For a campus with an indigenous population of about 0.6 percent, or about 13 students, it is unsurprising that smudging has not been a widely discussed topic around campus. Although it may not be a concern for most Colorado College students, it is an important practice for some of the members of our community. For this reason, on Aug. 8 CC proposed a policy, now pending approval, to protect smudging and pipe ceremonies.
“Smudging is nuanced, it depends on which national or tribal affiliation someone belongs to,” said Dr. Dwanna Robertson, a member of the Muscogee Nation and an Assistant Professor in the Race, Ethnicity, and Migration Studies department. “But in general, it is the use of particular elements like tobacco, cedar, sage, sweet grass. You light it and that smoke comes out and is used for different practices.”
A common misconception about smudging is that it resembles a bonfire. There were members of the committee who drafted policy who had to be told that this is not the case. According to Robertson, it is a perfectly safe practice with just a little bit of smoke that poses no fire hazard.
The policy states that its purpose is to “protect, promote, and facilitate indigenous/Native American students, faculty, staff, and visitors practicing indigenous/Native American religious traditions and ceremonies, including smudging and pipe ceremonies, and to do so in harmony with established college smoke and fire policies.” When asked why this policy would be put in place now when the American Indian Religious Freedom Act has been law since 1978, Dr. Robertson said that this policy was a direct response to the new tobacco usage policy put in place last year. “It has been important for us to delineate from ceremonial smoke and tobacco use in general.” This means indigenous students are allowed to use tobacco if they are doing it in accordance with their religious practices.
The 14-member committee, led by the Associate Dean of Students, Rochelle Mason, included indigenous students, faculty, and elders from the community. The committee worked throughout the summer without pay to be able to put this policy into place. They worked diligently to ensure that Indigenous students felt safe and comfortable to perform practices that coincide with their religious beliefs. Dr. Robertson acknowledges that while CC has issues involving becoming a more diverse and equitable institution, she says that she has been treated with nothing but respect from the students and faculty. She finds that CC students are eager to learn and that they have a great ability to want to disrupt what they have been taught since grade school.

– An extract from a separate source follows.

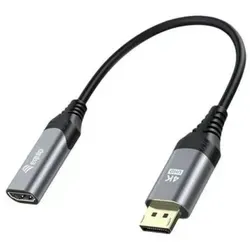 Equip Displayport->HDMI Adapter 1.2 St/Bu 4K/60Hz grau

During the RA In-Service meeting on Tuesday Aug. 4 in Loomis Hall, the RLC of South Hall Allison Hendrix spoke to all RAs about the implementation of this policy. She reiterated Dr. Robertson’s point about all of the time and hard work that was put into crafting this policy. After Hendrix, Zunneh-bah Martin ‘19 discussed her experience as an indigenous student who practices smudging. “I am glad that we have come this far to work on an official CC policy that supports Indigenous students and our rights to our spiritual, religious, cultural, traditional, and ceremonial practices,” said Martin. She also mentioned how it made her feel unwelcome when students and staff would question what and why she was using these materials. “During my freshman year at CC…. I did not feel safe, comfortable, understood, respected, or welcomed on campus by many because it felt like I was being criminalized for carrying on the practices of my ancestors.” Zunneh-bah demonstrated an example of smudging by lighting a piece of sage on fire in order to show the Residential Advisors the difference between a substance allowed on campus and illegal substances. Zunneh-bah Martin mentioned how she is excited to see this policy put into effect soon. The policy has not been finalized yet, as the period for open comments ends this Friday, Sept. 7.